(MENAFN - Khaleej Times) Open skies have been "a model of success, generating enormous benefits for travellers and for airlines in the US, the UAE and around the world", said James Hogan, president and chief executive officer of Etihad Airways, speaking at the US Chamber of Commerce Foundation's 14th Annual Aviation Summit in Washington, DC, on Tuesday.
In his first public comments since three US airlines launched a campaign against Etihad Airways and other Gulf carriers, Hogan called for reasoned debate based upon facts. He also warned against action, which would restrict competitive choice for millions of US and international air travellers in markets which the US airlines have chosen not to serve.
Hogan's speech laid out the key facts behind Etihad Airways' growth and its competitive strategy.
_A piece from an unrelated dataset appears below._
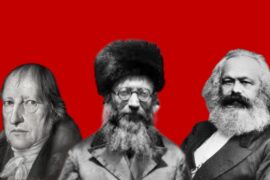 Hegel, Marx, and Rav Kook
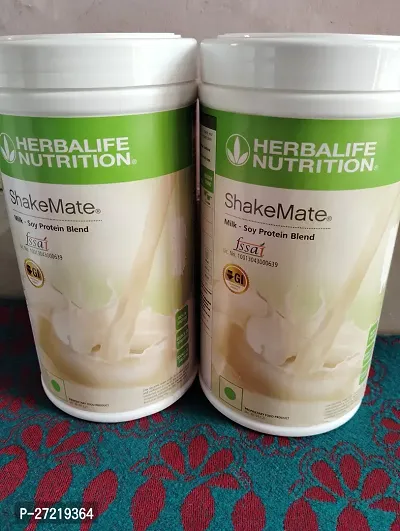 Herbalife nutrition milk mix Shakemate 2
"As one of the newest national airlines anywhere in the world, we've had to create everything from scratch: every bit of product, every bit of our operations, every bit of our infrastructure," he said.
"Etihad is a David, a David who's been facing Goliaths since 2003, when we started. In virtually every market we've entered, we've had to face existing competitors, with established businesses, established infrastructure, established sales and marketing, established brands, and established customer bases."
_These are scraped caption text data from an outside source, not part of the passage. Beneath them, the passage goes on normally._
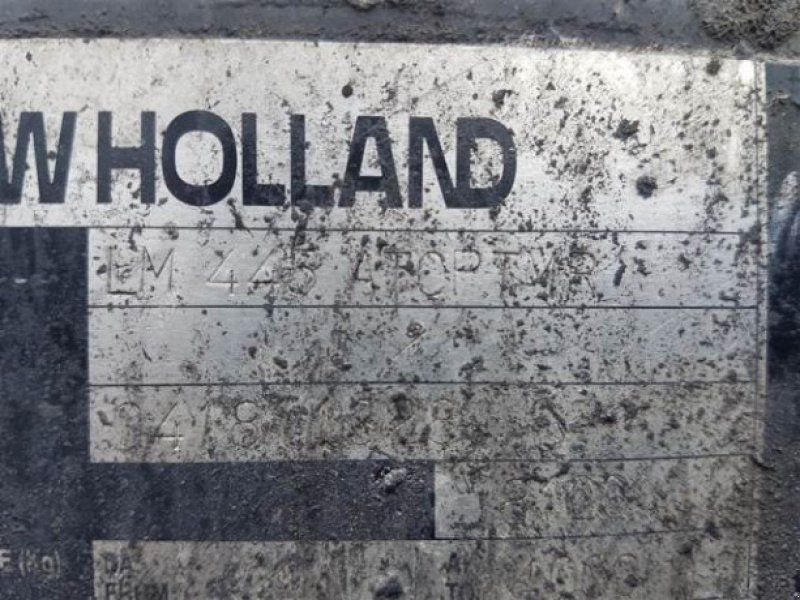 New Holland LM445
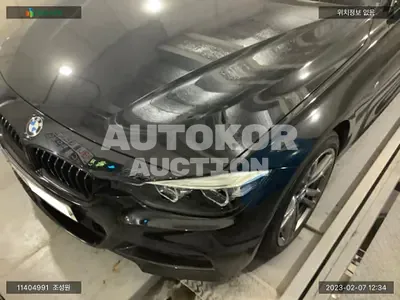 2019, BMW / 320, VIN: WBA8C5100J5L47853, 44776 км., diesel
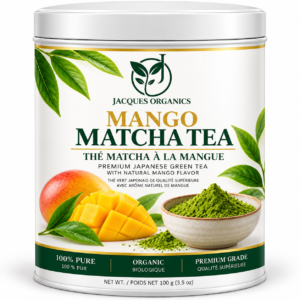 Mango Matcha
"In many cases, those established airlines were gifted amazing infrastructure - airports, terminals, slots, landing rights - over decades. To take them on, we've had to work harder and we've had to work smarter. That's called competition."
"We've been helped by our geographic position. The Gulf is at the centre of today's trade and travel routes. Today's aircraft technology and the changing patterns of world trade mean we are positioned strongly for many new and emerging markets."
"We've been helped by our blank sheet of paper - no legacy systems, no legacy aircraft, no legacy mindsets."
"And we've been pushed hard by the vision and ambition of our shareholder to create a globally competitive airline."
Hogan said the "secret" behind Etihad Airways' rapid growth was nothing more than incredible customer service, delivered on modern new aircraft, with world-leading product, at competitive prices, on routes people want to fly. He also said that Etihad Airways had been more transparent about its business than other airlines.
"Etihad Airways has had a greater focus on reaching and delivering sustainable profitability - we believe - than any other national airline in history," he said. "We set a timetable to break even within a decade and we beat that target. We've delivered a net profit in each of the last three years.
"I say 'we believe' because it is surprisingly hard to find financial information about the first one or two decades of national airlines around the world. We get criticized regularly for our so-called lack of transparency but we see few national airlines that were as open in their first stages of development, as we are being in ours."
As a national airline owned by its government, said Hogan, Etihad Airways is no different than scores of airlines around the world. The airline has always made clear it has received equity investment and shareholder loans, which have been supplemented by 10.5 billion in loans from international financial institutions.